╔══

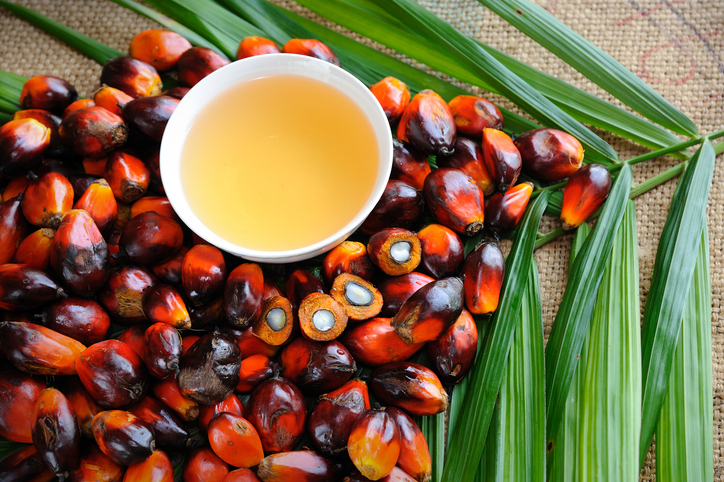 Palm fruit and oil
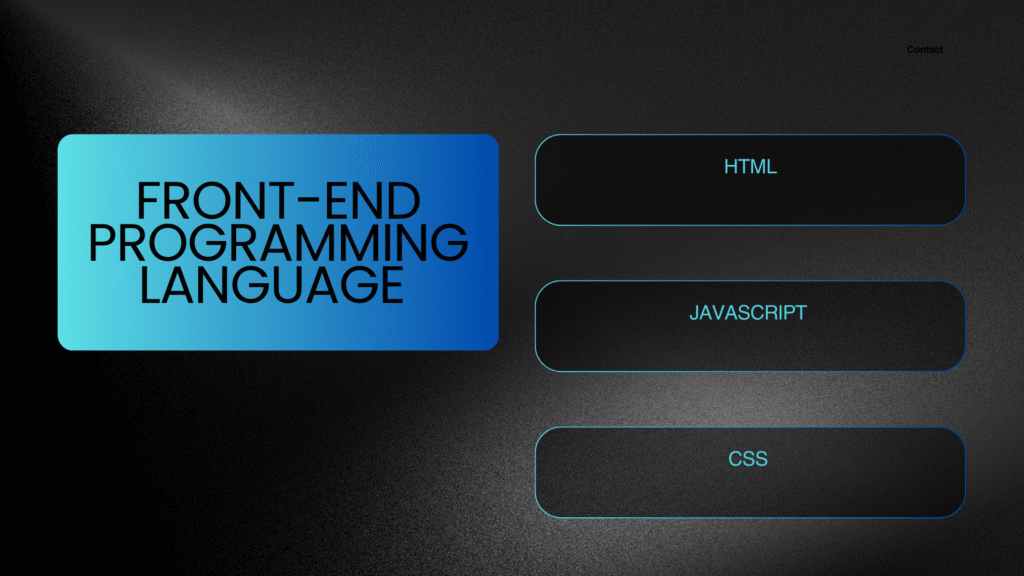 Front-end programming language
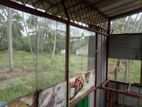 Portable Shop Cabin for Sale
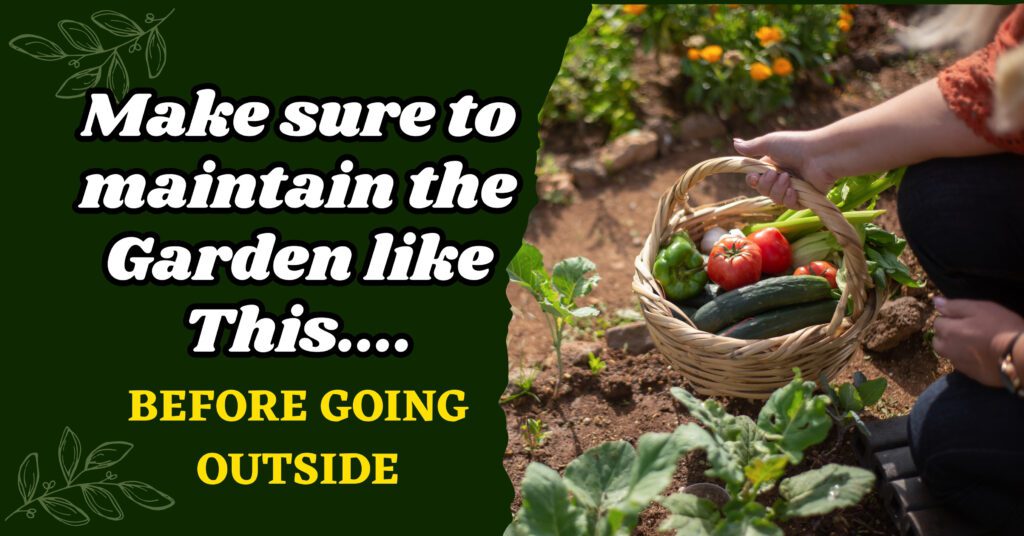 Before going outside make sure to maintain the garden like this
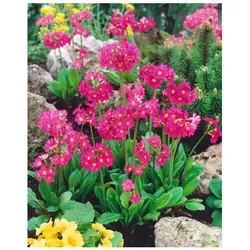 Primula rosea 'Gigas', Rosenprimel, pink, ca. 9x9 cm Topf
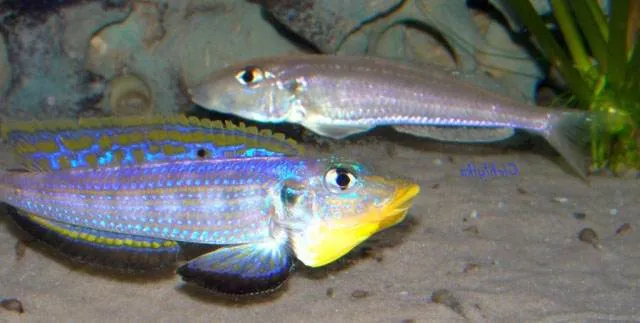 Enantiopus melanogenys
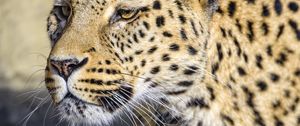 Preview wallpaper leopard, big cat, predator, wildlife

╚══

Output an exact copy of the lines from the one with "Enantiopus melanogenys" through the closing line of the records, inclusive, without any images.

 Enantiopus melanogenys
 Preview wallpaper leopard, big cat, predator, wildlife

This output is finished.